Updated at 11:40 a.m.
Vice President Joe Biden, in a moment of attempted folksy connection to his audience at the White House Working Families Summit on Monday, understated his personal financial situation just a tad.
Hoping to establish credibility with the audience, which was gathered to discuss ways to improve working conditions for working families, Biden reminded people that he used to be the poorest member in Congress (in reality, the poorest member of the Senate) even though he now makes "a lot of money" as vice president ($230,700) and had "a mildly expensive suit on" for the event.
"Don't hold it against me that I don't own a single stock or bond," Biden said. "I have no savings account but I got a great pension and I got a good salary. For real."
But Biden's financial disclosure for the year 2013, which was filed last month, shows that he has both a savings account and 11 different investment funds.
The vice president's savings account, with the United States Senate Federal Credit Union, is valued at between $1,001 and $15,000 dollars, according his disclosure form. The 11 investment funds, including mutual funds that have stock holdings, are all valued in the same category.
Biden also has four checking accounts, three of which are valued between $1,001 and $15,000; the fourth is valued at less than $1,001.
An official in Biden's office said, "He actually doesn't have any stocks or bonds. Dr. Biden does. He does have a savings account. I think what he meant when he was talking was that he doesn't have any stocks or bonds as part of a savings account."
He also listed several liabilities including the mortgage on his Delaware house, valued at between $500,001 and $1,000,000 and it seems his liabilities are steeper than his assets, contrary to the financial situations of many of his elected colleagues in Washington.

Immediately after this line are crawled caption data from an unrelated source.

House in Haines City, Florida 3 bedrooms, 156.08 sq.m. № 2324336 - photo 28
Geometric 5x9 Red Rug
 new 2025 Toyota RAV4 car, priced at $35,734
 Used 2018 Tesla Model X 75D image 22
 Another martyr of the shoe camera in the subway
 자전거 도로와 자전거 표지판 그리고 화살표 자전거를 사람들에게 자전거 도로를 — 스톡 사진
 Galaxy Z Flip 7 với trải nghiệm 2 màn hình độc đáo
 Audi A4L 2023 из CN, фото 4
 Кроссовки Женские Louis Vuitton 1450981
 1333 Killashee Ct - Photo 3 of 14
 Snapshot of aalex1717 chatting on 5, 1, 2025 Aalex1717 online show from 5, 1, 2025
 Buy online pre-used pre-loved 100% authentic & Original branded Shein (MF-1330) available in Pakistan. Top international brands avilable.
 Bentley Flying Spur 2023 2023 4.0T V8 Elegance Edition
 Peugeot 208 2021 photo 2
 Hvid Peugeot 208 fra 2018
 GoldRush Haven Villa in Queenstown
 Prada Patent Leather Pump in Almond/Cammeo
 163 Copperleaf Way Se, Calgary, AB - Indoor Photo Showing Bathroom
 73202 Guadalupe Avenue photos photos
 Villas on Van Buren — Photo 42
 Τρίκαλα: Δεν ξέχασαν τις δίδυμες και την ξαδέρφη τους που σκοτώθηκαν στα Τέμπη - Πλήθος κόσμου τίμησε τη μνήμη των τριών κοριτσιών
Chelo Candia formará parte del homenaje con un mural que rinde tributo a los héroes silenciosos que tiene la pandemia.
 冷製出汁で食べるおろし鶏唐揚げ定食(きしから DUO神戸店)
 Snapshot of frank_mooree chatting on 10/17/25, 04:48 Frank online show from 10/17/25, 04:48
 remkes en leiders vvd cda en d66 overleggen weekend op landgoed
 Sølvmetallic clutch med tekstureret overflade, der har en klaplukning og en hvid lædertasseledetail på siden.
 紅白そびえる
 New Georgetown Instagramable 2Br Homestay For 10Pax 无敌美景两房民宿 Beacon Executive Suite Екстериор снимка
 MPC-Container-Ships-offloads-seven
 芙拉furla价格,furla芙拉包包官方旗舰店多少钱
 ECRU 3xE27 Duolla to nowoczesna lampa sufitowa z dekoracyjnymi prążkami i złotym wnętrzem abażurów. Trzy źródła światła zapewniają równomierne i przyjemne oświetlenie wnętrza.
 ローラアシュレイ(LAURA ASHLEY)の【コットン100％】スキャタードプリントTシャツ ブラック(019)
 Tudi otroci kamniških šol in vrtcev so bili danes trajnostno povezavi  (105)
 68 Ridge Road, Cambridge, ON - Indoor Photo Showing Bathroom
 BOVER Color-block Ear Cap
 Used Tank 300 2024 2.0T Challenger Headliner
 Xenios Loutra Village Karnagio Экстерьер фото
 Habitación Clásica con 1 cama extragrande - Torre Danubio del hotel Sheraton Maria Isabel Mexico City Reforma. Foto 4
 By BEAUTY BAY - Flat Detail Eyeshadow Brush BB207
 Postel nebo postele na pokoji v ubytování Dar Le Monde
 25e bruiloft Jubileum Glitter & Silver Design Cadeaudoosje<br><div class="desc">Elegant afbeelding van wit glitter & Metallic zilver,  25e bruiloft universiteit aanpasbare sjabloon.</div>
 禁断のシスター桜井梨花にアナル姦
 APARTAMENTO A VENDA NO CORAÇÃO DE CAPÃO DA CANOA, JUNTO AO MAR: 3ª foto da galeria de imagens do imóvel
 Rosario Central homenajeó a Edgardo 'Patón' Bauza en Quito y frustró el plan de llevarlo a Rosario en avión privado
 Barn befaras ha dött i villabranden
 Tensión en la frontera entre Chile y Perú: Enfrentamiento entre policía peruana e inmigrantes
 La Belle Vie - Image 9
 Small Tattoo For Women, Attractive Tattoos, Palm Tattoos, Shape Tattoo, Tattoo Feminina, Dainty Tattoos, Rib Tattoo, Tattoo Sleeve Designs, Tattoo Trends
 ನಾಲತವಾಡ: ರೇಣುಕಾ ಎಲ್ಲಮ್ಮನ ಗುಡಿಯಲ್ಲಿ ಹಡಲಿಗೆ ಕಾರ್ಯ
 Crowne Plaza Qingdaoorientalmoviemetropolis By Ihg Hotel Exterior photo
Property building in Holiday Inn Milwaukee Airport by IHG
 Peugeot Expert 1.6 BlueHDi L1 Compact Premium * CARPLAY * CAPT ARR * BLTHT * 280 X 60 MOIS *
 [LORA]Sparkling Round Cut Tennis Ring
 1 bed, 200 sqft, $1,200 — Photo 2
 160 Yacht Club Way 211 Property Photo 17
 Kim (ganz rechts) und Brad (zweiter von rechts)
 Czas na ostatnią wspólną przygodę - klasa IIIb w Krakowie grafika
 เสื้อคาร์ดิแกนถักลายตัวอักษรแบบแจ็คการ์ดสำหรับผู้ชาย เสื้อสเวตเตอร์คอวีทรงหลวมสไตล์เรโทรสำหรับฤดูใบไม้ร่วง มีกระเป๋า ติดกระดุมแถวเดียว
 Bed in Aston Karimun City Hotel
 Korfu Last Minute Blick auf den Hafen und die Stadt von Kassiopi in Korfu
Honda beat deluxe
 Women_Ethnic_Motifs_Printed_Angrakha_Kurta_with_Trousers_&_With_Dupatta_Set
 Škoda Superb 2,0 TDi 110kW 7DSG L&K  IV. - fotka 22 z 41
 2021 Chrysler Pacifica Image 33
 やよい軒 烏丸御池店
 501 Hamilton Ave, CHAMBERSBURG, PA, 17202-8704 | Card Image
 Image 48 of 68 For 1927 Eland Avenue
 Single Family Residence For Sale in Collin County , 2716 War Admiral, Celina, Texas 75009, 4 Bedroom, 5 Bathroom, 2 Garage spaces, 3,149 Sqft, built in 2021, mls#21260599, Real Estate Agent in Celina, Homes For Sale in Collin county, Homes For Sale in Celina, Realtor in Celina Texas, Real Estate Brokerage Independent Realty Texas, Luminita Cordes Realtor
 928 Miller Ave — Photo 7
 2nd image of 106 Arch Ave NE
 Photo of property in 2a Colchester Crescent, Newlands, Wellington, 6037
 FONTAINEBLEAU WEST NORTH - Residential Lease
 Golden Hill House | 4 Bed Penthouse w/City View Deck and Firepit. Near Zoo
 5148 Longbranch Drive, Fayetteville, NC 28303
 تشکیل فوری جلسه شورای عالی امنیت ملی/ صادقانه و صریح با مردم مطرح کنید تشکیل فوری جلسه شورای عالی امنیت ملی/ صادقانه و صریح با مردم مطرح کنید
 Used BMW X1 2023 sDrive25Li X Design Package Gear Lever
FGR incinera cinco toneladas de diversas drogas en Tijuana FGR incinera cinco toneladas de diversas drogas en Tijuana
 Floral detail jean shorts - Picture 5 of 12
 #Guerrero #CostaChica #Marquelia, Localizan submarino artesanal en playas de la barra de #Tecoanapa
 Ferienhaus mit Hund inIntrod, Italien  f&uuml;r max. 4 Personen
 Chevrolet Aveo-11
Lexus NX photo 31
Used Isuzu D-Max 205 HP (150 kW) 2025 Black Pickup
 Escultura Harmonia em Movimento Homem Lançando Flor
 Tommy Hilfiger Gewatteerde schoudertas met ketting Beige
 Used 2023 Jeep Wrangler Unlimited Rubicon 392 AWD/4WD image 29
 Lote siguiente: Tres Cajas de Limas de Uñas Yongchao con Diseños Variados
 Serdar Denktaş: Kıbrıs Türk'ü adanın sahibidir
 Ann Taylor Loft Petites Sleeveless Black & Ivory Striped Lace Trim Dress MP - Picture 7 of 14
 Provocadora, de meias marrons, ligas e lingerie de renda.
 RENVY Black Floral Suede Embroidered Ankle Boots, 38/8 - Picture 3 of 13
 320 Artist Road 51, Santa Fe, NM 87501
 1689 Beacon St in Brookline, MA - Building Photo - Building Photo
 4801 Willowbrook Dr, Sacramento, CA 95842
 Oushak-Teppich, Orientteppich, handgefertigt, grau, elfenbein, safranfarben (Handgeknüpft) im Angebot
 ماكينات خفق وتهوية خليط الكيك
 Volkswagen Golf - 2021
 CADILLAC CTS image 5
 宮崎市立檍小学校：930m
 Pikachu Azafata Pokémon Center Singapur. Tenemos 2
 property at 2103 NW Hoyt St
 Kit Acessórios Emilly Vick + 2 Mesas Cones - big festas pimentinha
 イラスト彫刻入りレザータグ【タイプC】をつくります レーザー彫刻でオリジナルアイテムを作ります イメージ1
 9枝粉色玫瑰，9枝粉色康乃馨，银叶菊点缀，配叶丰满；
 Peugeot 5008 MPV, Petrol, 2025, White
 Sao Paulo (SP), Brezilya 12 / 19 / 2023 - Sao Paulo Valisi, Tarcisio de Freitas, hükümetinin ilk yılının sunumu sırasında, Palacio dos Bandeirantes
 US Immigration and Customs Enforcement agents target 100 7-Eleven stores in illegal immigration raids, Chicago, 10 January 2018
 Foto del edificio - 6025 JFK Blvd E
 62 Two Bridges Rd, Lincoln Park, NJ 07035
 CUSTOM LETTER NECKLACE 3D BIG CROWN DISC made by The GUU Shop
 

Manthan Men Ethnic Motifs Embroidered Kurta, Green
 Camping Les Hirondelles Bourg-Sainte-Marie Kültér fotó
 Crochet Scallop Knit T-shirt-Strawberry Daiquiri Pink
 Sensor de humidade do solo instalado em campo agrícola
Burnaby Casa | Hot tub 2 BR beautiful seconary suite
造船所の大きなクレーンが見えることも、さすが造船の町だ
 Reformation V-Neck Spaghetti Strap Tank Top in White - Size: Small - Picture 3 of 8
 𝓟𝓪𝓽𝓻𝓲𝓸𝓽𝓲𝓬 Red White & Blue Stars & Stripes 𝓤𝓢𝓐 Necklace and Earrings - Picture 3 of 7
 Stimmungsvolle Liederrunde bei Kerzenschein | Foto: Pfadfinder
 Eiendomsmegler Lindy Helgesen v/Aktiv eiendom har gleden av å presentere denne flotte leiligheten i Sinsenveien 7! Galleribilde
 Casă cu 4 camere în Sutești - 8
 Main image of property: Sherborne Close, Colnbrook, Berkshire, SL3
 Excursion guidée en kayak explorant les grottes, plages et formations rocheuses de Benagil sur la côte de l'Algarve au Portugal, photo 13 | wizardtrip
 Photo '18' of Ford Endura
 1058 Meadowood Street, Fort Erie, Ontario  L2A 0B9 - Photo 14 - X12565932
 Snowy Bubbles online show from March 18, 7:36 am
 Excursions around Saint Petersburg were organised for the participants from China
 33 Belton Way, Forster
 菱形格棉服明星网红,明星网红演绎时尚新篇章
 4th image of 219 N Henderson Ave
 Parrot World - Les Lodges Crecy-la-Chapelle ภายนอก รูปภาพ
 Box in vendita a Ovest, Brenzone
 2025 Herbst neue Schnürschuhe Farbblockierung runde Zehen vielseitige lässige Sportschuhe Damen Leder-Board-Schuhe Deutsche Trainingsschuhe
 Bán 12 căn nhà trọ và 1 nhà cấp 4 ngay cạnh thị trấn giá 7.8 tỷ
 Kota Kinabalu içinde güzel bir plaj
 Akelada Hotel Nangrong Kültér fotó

Still, Biden noted that he has been "really, really fortunate" compared to the people who struggled around him growing up.
He's not the only potential 2016 candidate to publicly bring up their finances in recent days. Former Secretary of State Hillary Clinton landed in hot water at the start of her book tour for claiming to have been "dead broke" when she and former President Bill Clinton left the White House in 2001. And over the weekend, she said that Americans wouldn't see her as part of the problem of rising income inequality "because we pay ordinary income tax, unlike a lot of people who are truly well off."